AERTW — Aeries Technology, Inc
NASDAQ
Q4 2025 Earnings Call Summary
July 3, 2025
AERTW Q4 2025 Earnings Call Summary
1. Key Financial Results and Metrics
- Total Revenue: $70.2 million, down from $72.5 million in FY 2024, primarily due to the exit from the Middle East market.
- North America Revenue: Grew 15% year-over-year from $57 million to $65.5 million, reflecting strong performance in core markets.
- Gross Profit: $16.7 million, with a margin of 23.8%.
- Operating Loss: $28.8 million.
- Adjusted EBITDA: Negative $4.7 million; however, core adjusted EBITDA was positive at $7.4 million, exceeding guidance of $6 million to $7 million and marking a 365% increase from $1.6 million in the previous year.
- Net Loss: $21.6 million.
- Cash Position: Ended the year with $2.8 million in cash and $1.1 million in long-term debt.
2. Strategic Updates and Business Highlights
- AERTW focused on realigning its strategy towards private equity-backed companies and away from lower-value noncore geographies, notably exiting the Middle East consulting market.

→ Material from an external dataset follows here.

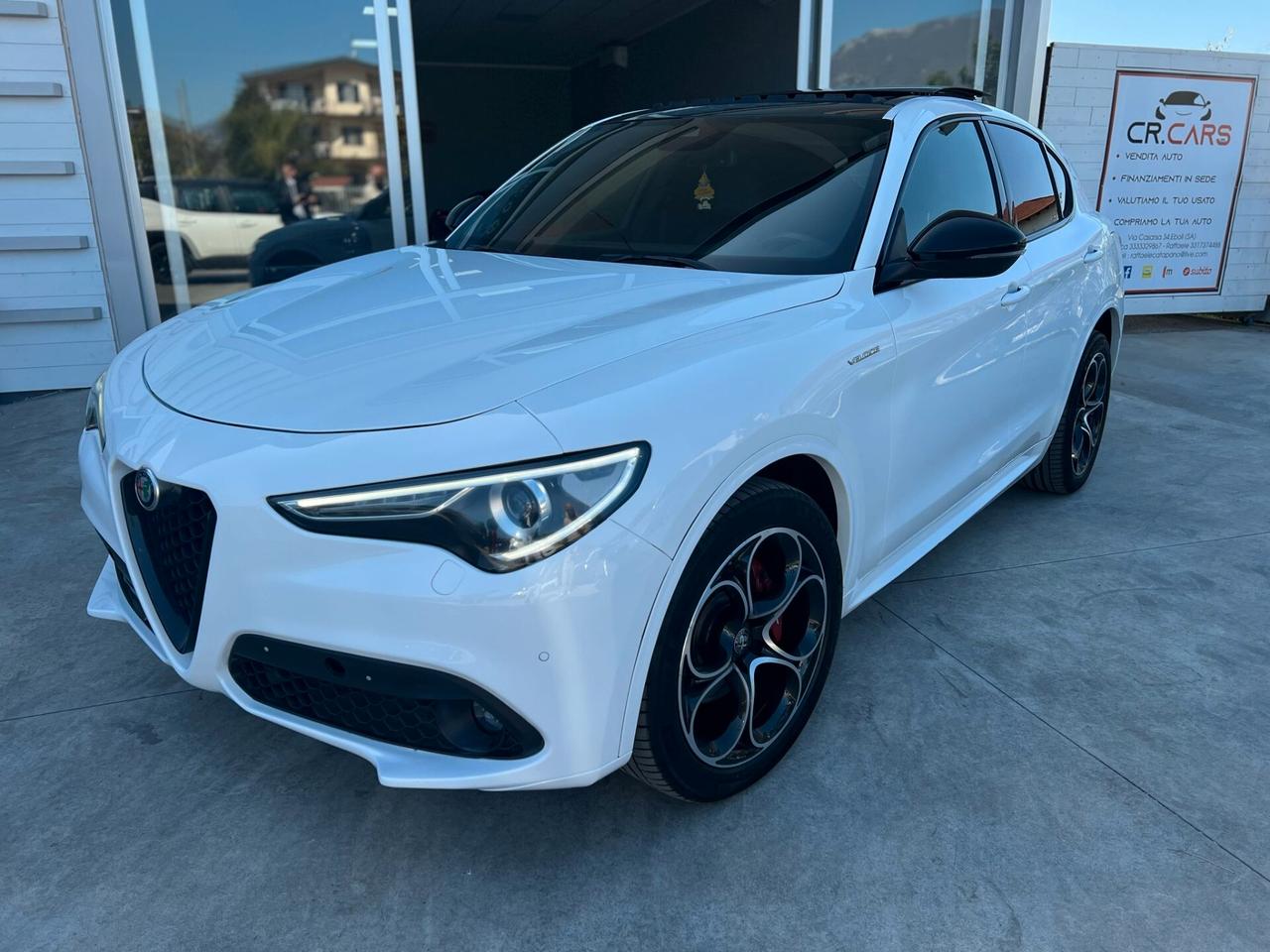 Alfa Romeo Stelvio 2.2 Turbodiesel 210 CV AT8 Q4 Veloce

- The company emphasized its Global Capability Center (GCC) model, which is now central to its operations, facilitating scalable capabilities in technology and operations.
- New partnerships were established, including collaborations with a global cybersecurity provider and a SaaS company in sustainability, to develop AI-driven GCCs in India and Mexico.

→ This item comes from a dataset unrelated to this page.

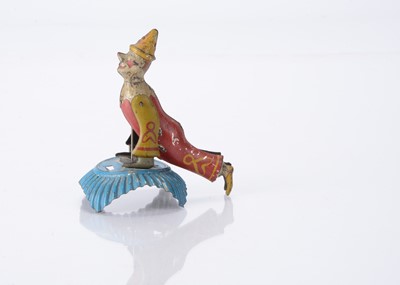Lot 428 - A Distler Two Penny Toy of hand standing clown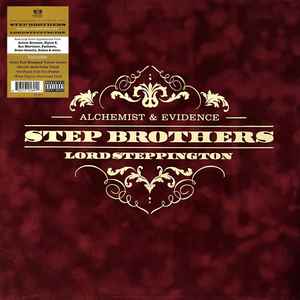STEP BROTHERS LORD STEPPINGTON 2LP レコード STEP BROTHERS - LORD STEPPINGTON (VINYL 2LP) 2014 RARE!! ALCHEMIST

- AERTW launched an AI-centered GCC framework aimed at enhancing digital transformation initiatives for clients.
3. Forward Guidance and Outlook
- For FY 2026, AERTW projects revenue between $74 million and $80 million and adjusted EBITDA between $6 million and $8 million.
- The outlook is supported by strong client traction, deepening partnerships, and an expanding private equity network, bolstered by the recent hiring of a Chief Growth and Strategy Officer.
4. Bad News, Challenges, or Points of Concern
- The slight decline in total revenue due to the exit from the Middle East market could indicate potential vulnerabilities in revenue diversification.
- The operating loss of $28.8 million and negative adjusted EBITDA may raise concerns about profitability and operational efficiency.
- Transitioning away from core adjusted EBITDA as a separate metric could obscure performance trends in the future.
5. Notable Q&A Insights
- The management expressed confidence in the scalability of the GCC model and its alignment with client needs for digital transformation.
- There were discussions about the expected reduction in stock-based compensation and the completion of restructuring efforts, which should improve financial metrics moving forward.
- Management highlighted the importance of maintaining strong relationships with private equity firms and the anticipated benefits of recent strategic hires to drive growth.
Overall, AERTW demonstrated resilience and strategic focus in FY 2025, positioning itself for growth in FY 2026 despite some ongoing challenges.